In 2021, DP World pledged to invest $1bn in Africa over the next several years.
These investments have at times sparked tensions, tested geopolitical relations and – more crucially – intensified competition for infrastructural development in Africa.
Like China, Turkey and Russia, the UAE is increasingly becoming a political and economic counterweight to the West in Africa.
Abu Dhabi’s diplomatic presence has been boosted by humanitarian support and defence cooperation, particularly in the Horn of Africa.
It brokered a peace deal between Eritrea and Ethiopia in 2018, and delivered thousands of tonnes of food aid to Somalia in 2022 amid warnings of a looming famine.
These relationships have given DP World a near monopoly in the Red Sea region, just north of Tanzania. They have also allowed the UAE to consolidate defence interests in the Gulf of Aden as part of an almost decade-long military offensive in Yemen.
As a result, the UAE – despite its size – has an edge over other Gulf nations as the Horn of Africa is a strategic route for crude oil exports.
DP World’s developments in Somalia’s Bossaso port and Berbera in the self-declared republic of Somaliland amount to almost $1bn. The agreements caused a row with the Somali federal government, which considers Somaliland to be part of its territory and has often had a turbulent relationship with the semi-autonomous Puntland region, which includes Bossaso.
But DP World appears to have shrugged off political pressure to continue operations in both regions.
Its forays in Djibouti – a combination of military real estate and one of the busiest shipping routes in the world – could serve as a cautionary tale.
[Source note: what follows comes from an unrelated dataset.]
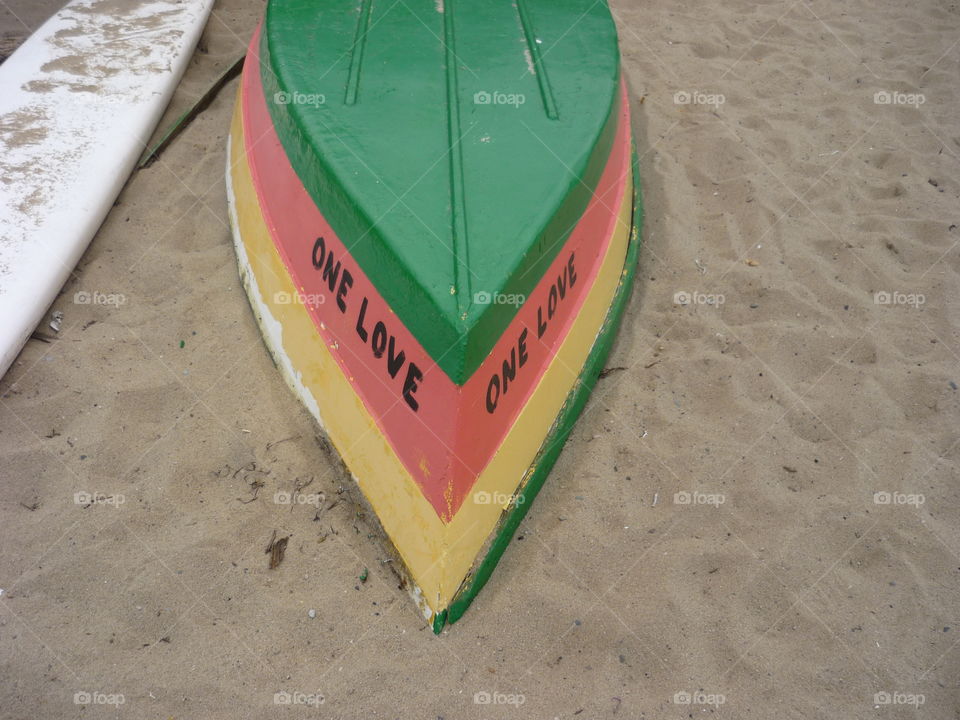 A boat on the beach, one love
Djibouti’s attempts to seize the Doraleh Container Terminal, its biggest income generator and employer, from DP World triggered an expensive legal battle.
In 2018, Djibouti handed the terminal over to Hong Kong-based China Merchants Port Holdings to protest against a decision by DP World to give neighbouring Ethiopia and Somaliland access to imports.
But the maritime firm, which has a 50-year concession over the port from 2006, argued that the changeover violated its “exclusive access” to the region. The Hong Kong appeals court ordered Djibouti to pay DP World more than $600 million in damages, reasserting its tight grip.
The lengthy lease in Dar es Salaam is not unusual.
The Emirati firm’s deals across the continent on the Atlantic coast have been characterised by similarly long-term agreements.
In 2007, DP World edged out French interests in Senegal to win a $1.13bn contract to develop the Ndayane port near the capital Dakar, which it will control for 25 years.
The firm is set to earn more than $400m over a period of 20 years from a multi-purpose terminal concession agreement with Angola.
Between these developments is DR Congo’s $1.2bn deep-sea port in Banana that will be completed by 2025.
Tanzania’s troubled waters
Part of the contention over DP World’s presence in Tanzania is the perception that its operations are undermining local rights and management.
DP World Group boss Sultan Ahmed Bin Sulayem said while in Dodoma that the Dar es Salaam port will become a “world-class facility”.
President Suluhu’s predecessor, John Magufuli, had long shunned foreign investment and treated international partners with suspicion.
But since taking over in 2021, Mrs Suluhu has sought various partnerships with the UAE as a means to “address challenges and grab opportunities as quickly as possible”.
DP World remains an anchor for the UAE to extend its geopolitical ambitions across Africa.